Safety Verification of Neural Network Controllers
Project Overview
Although effective, DNNs are widely regarded as black-boxes within the scientific community [1]. As a result, over recent years Explainable Artificial Intelligence has become an established field of research, aiming to explain and interpret predictions of complex machine learning models [2,3].
For astrodynamics, the standard methodology for testing both the performance and behaviour of trained regression DNNs is Monte Carlo simulations, which has serious limitations. For problems with a high dimensional input space, extensive simulations are required to cover the wide array of inputs, which also tend to miss edge cases. More crucially, as Monte Carlo simulations involve random sampling to test a finite set of points, only a subset of the state-space is tested. Thus, even in an extensively large Monte Carlo simulation, input points in-between the tested set of input points are not assessed. This is of critical importance when considering the recent discovery that DNNs are vulnerable to adversarial examples, particular inputs that cause the network to fail in unexpected ways. This vulnerability is of major concern for applying DNNs in safety-critical environments [4].

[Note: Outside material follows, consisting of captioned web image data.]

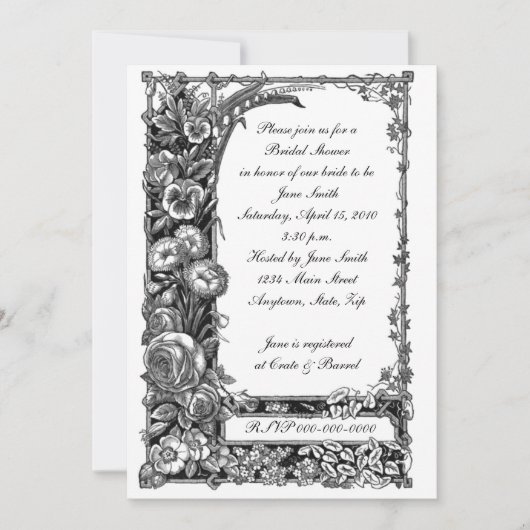 Brautparty für viktorianische Blume Einladung (Vorderseite)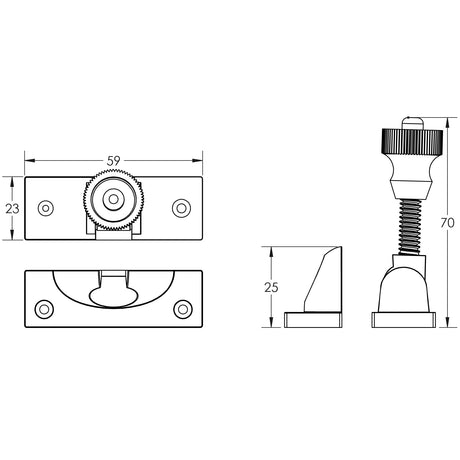 Technical drawing of of Frelan - Jedo Brighton Fasteners 55mm Satin Chrome Sku. JV88SC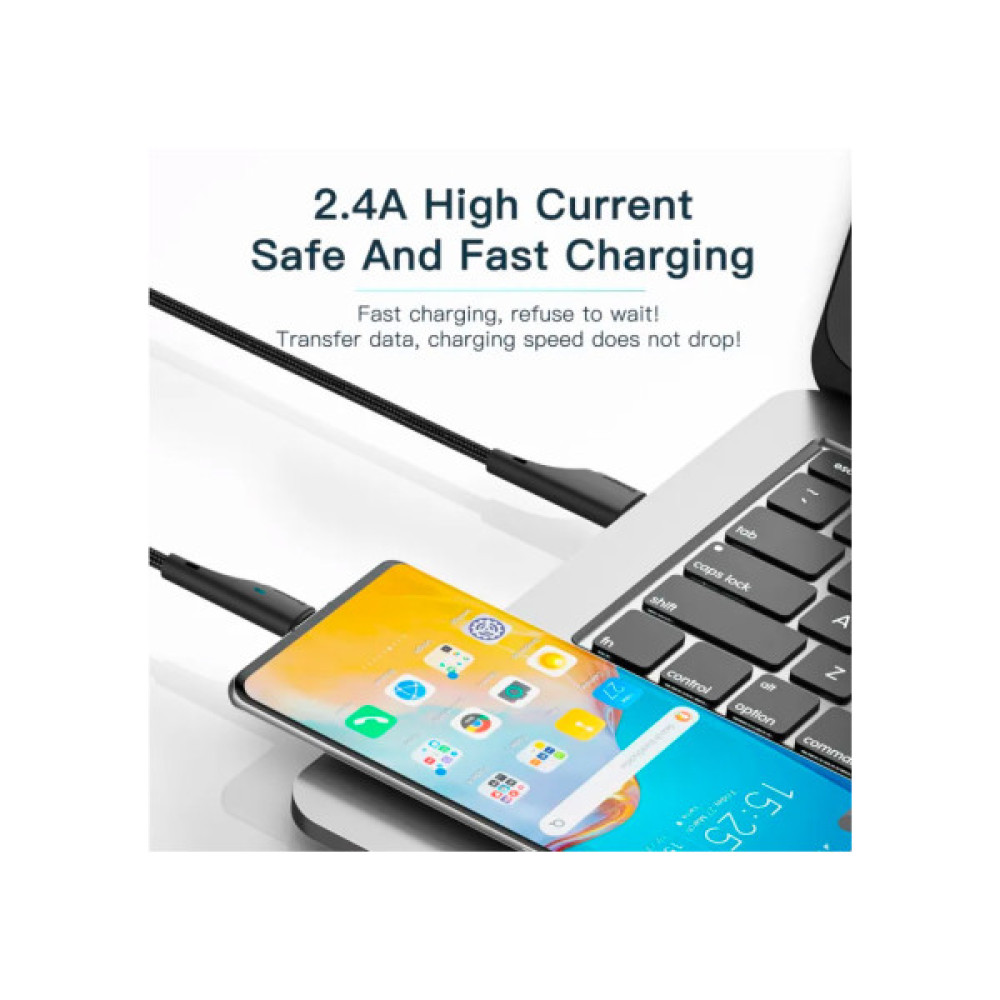 Дата кабель USB 2.0 AM to Micro 5P 1.0m 3A black Essager (EXCM-LS01)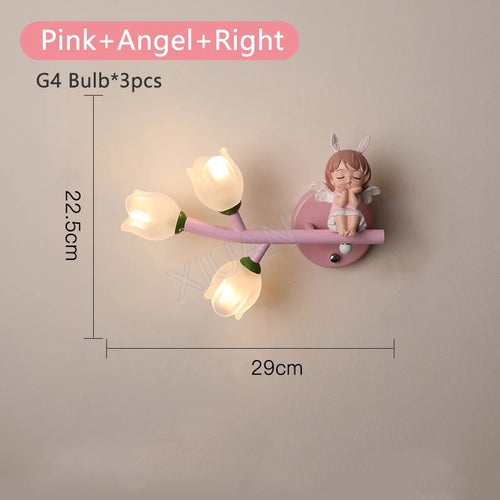 applique murale fille lapin g4 led fleur - vue 22 sur 22
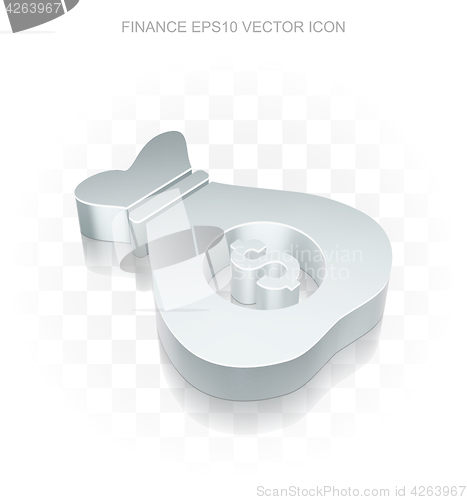 Image of Business icon: Flat metallic 3d Money Bag, transparent shadow, EPS 10 vector.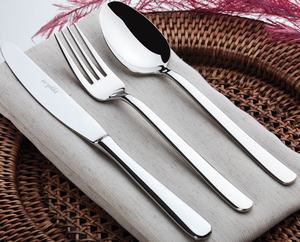 Ensemble de couverts en argent poli pour des repas élégants, couverts en acier inoxydable durables pour les maisons, les hôtels, les cafés - Product Image 3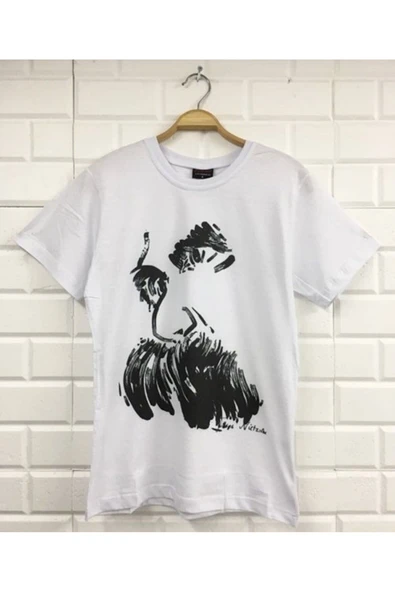 fame-stoned  Friedrich Nietzsche Baskılı Unisex %100 Pamuk Beyaz T-shirt ürün görseli 1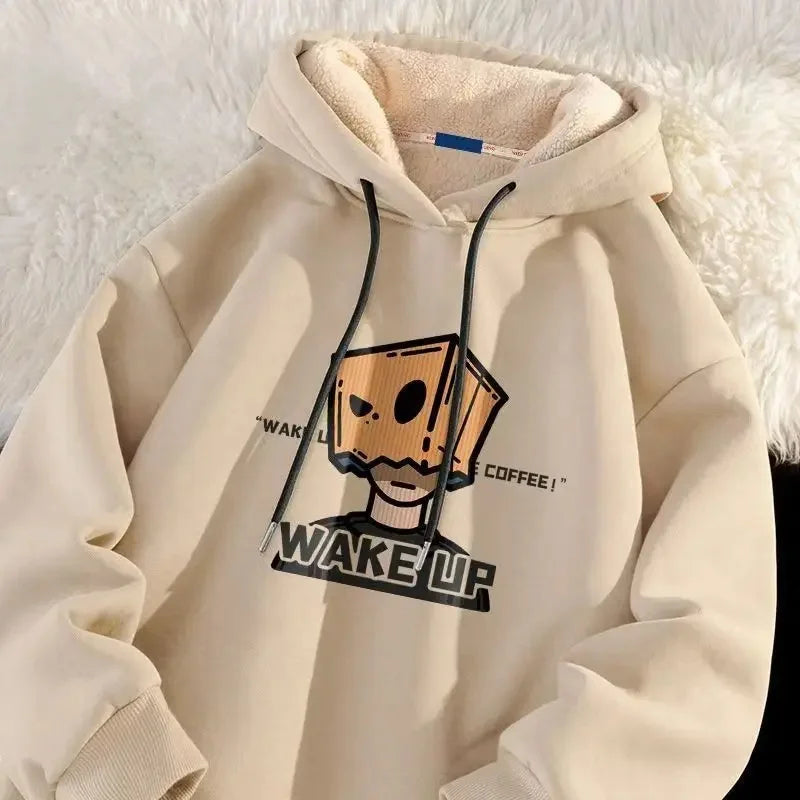 Lamb Velvet Hoodie Men's Loose Fit Casual Sportswear Autumn Winter Men's Jacket 1/2 Brand None Origin China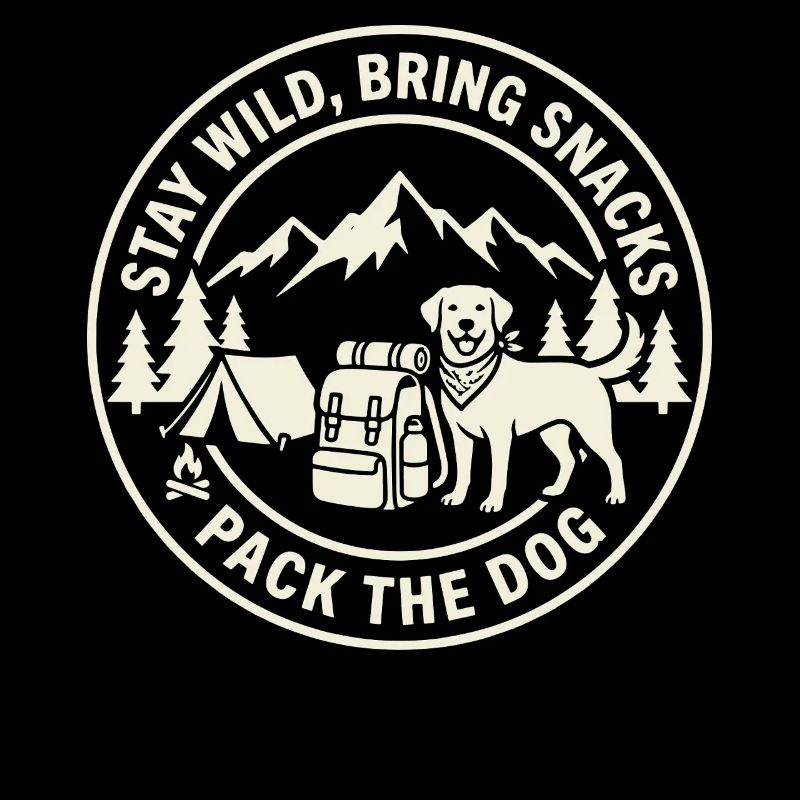 Bleib wild Bring Snacks Pack das Hundedesign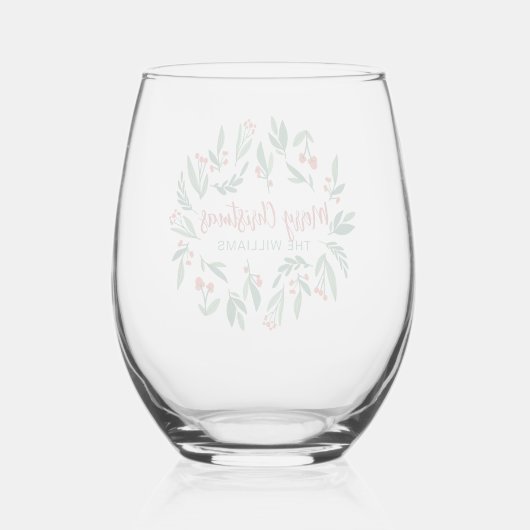 Verre À Vin Sans Pied Beau Red Green Holly Berry Custom Christmas (Verso)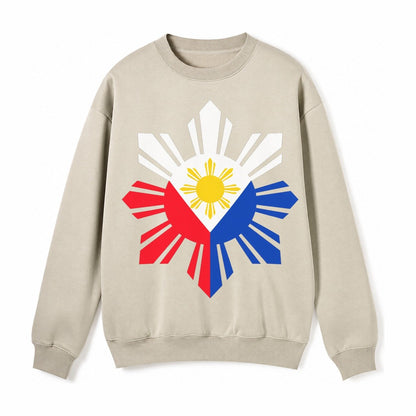 Philippines Iconic Sun And Stars Fleece Sweatshirt – Light Khaki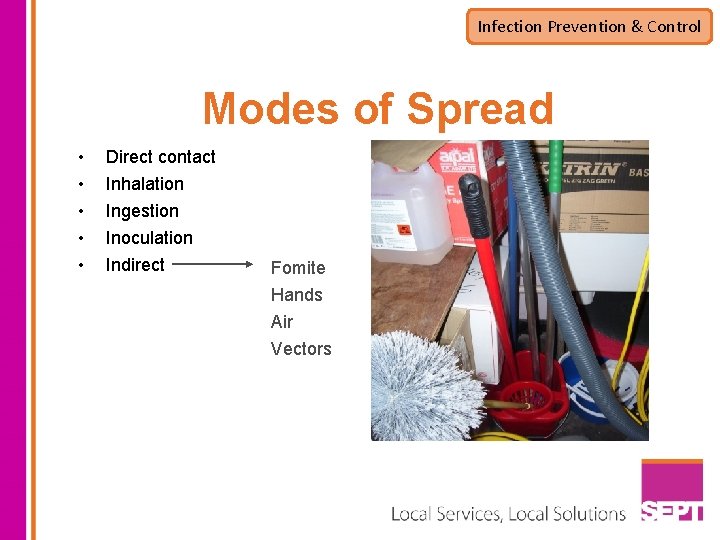 Infection Prevention & Control Modes of Spread • • • Direct contact Inhalation Ingestion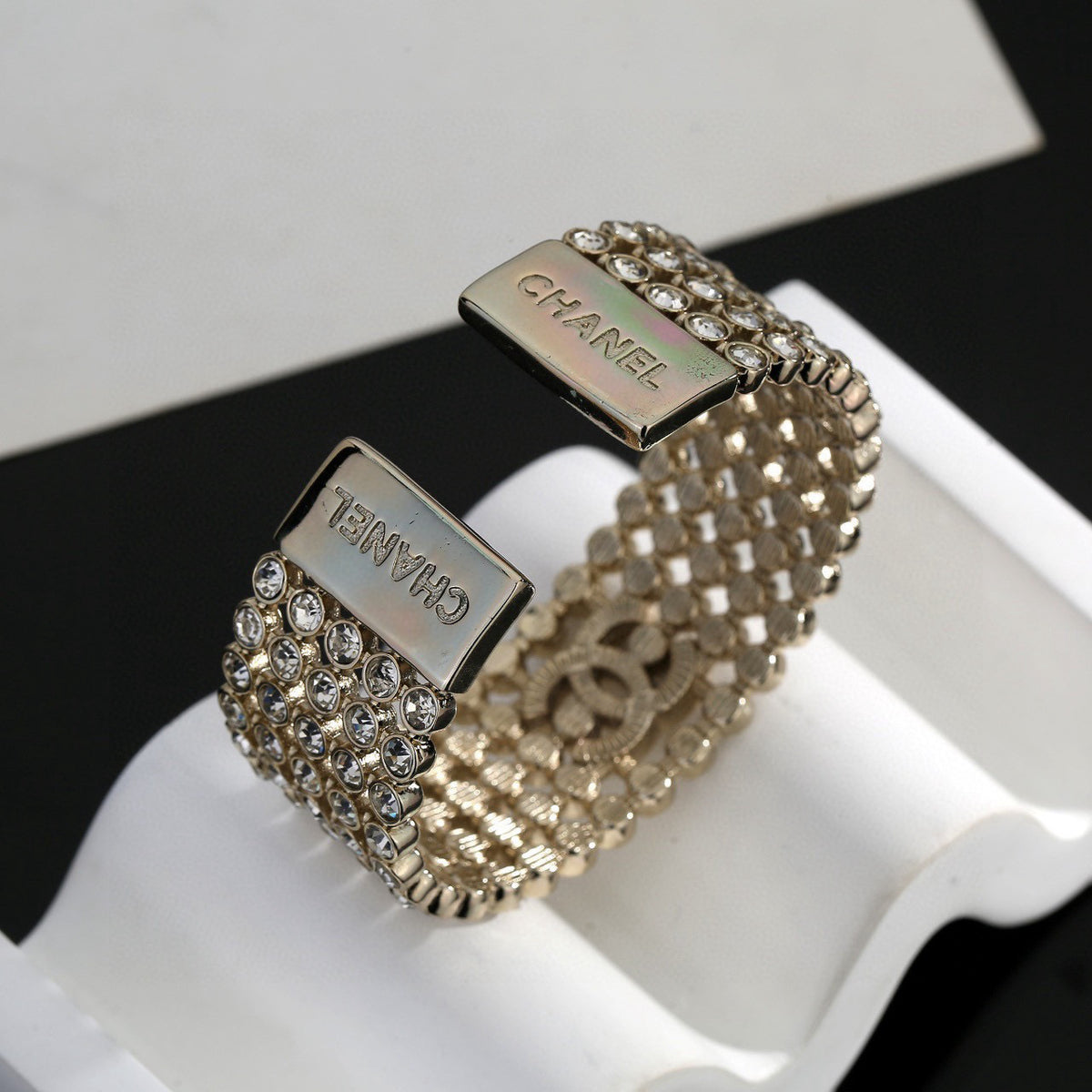 Signature Emblem Bangle in Polished Metal-Tone – Design 012 side detail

In this project, we utilise many sets of Taylor polynomials via Automatic Domain Splitting to expand trajectories obtained from embedding DNNs into dynamical system ODEs. These polynomials provide a continuous description of the system's evolution, in contrast to the discrete samples obtained from Monte Carlo simulations. Utilising Differential Algebraic techniques, we may also produce a Taylor polynomial map to an event; for instance, the distance of closest approach. We implement interval arithmetic to rigorously enclose the obtained polynomials and combine this with an over-estimate of the remainder. The output allows the rigorous bounding of such an event, allowing a validated safety certificate to be obtained for a given DNN controller.
References
[1] Ribeiro, Marco, Singh, Sameer, and Guestrin, Carlos, ““Why Should I Trust You?”: Explaining the Predictions of Any Classifier”, Proceedings of the 2016 Conference of the North American Chapter of the Association for Computational Linguistics: Demonstrations, Association for Computational Linguistics, 2016, pp. 97–101, doi:10.18653/v1/N16-3020.
[2] Xu, Feiyu, Uszkoreit, Hans, Du, Yangzhou, et al., “Explainable AI: A Brief Survey on History, Research Areas, Approaches and Challenges”, Natural Language Processing and Chinese Computing, Springer International Publishing, 2019, pp. 563–574, doi:10.1007/978-3-030-32236-6_51.
[3] Holzinger, Andreas, Saranti, Anna, Molnar, Christoph, et al., “Explainable AI Methods - A Brief Overview”, xxAI - Beyond Explainable AI, Springer International Publishing, 2022, pp. 13–38, doi:10.1007/978-3-031-04083-2_2.
[4] Yuan, Xiaoyong, He, Pan, Zhu, Qile, and Li, Xiaolin, “Adversarial Examples: Attacks and Defenses for Deep Learning”, IEEE Transactions on Neural Networks and Learning Systems 30.9 (2019), pp. 2805–2824, doi: 10.1109/TNNLS.2018.2886017.